Высшее искусство, гений? О, гении видят жизнь словно бы сверху, а решетниковы барахтаются в безобразной житейщине. Гармоническая ясность слога? Да откуда ж ей взяться у решетниковых? Они кричат, большим своим ртом кричат, а кто ж, господа, кричит мелодически?.. Нет философии, выраженной художественно? Да она у него как лесная жимолость, осыпанная волчьими ягодами; жимолость сильно пахнет перед дождем, а волчьи ягоды и волки не едят…
Он хотел уйти незаметно, но в просторной прихожей, ярко освещенной, его догнала курсисточка, такая костлявенькая, в очечках, носик чижиком, никак не заподозришь amoroso.
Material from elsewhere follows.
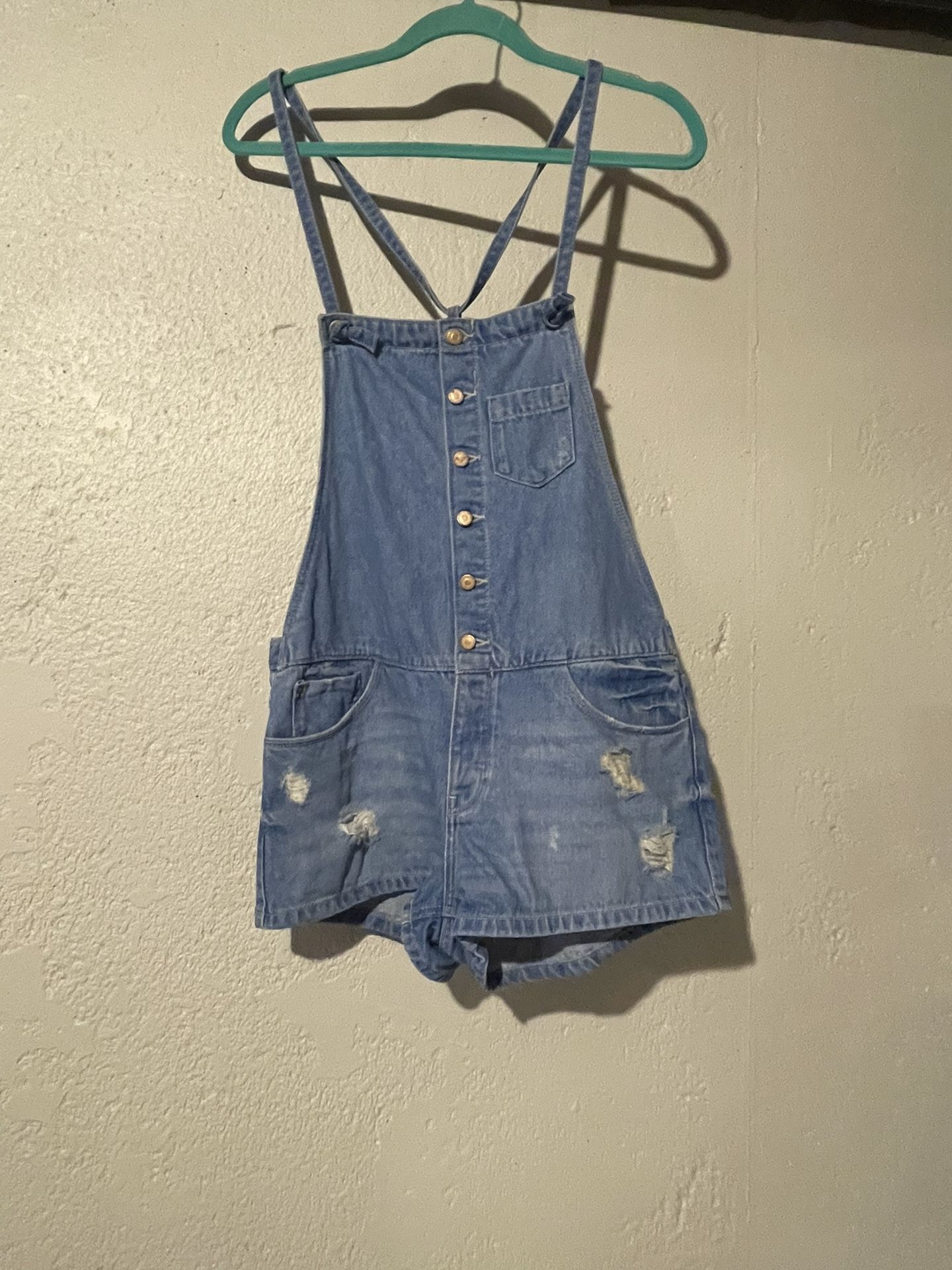 Zara Denim Overalls Size Small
И точно, она лишь хотела «высказаться». Максимов тотчас изобрел бы какой-нибудь обманный маневр и увильнул бы, Успенский эдак не умел.
Извозчик еще не успел взять с места, а она уже «высказывалась». Странно, у нее был приятный голосок, гневно позванивающий на словах – «идейность», «идейный», повторенных многократно. Успенский поднял воротник пальто и втянул голову в плечи, но все равно «идейный», «идейность» вились, как пчелы.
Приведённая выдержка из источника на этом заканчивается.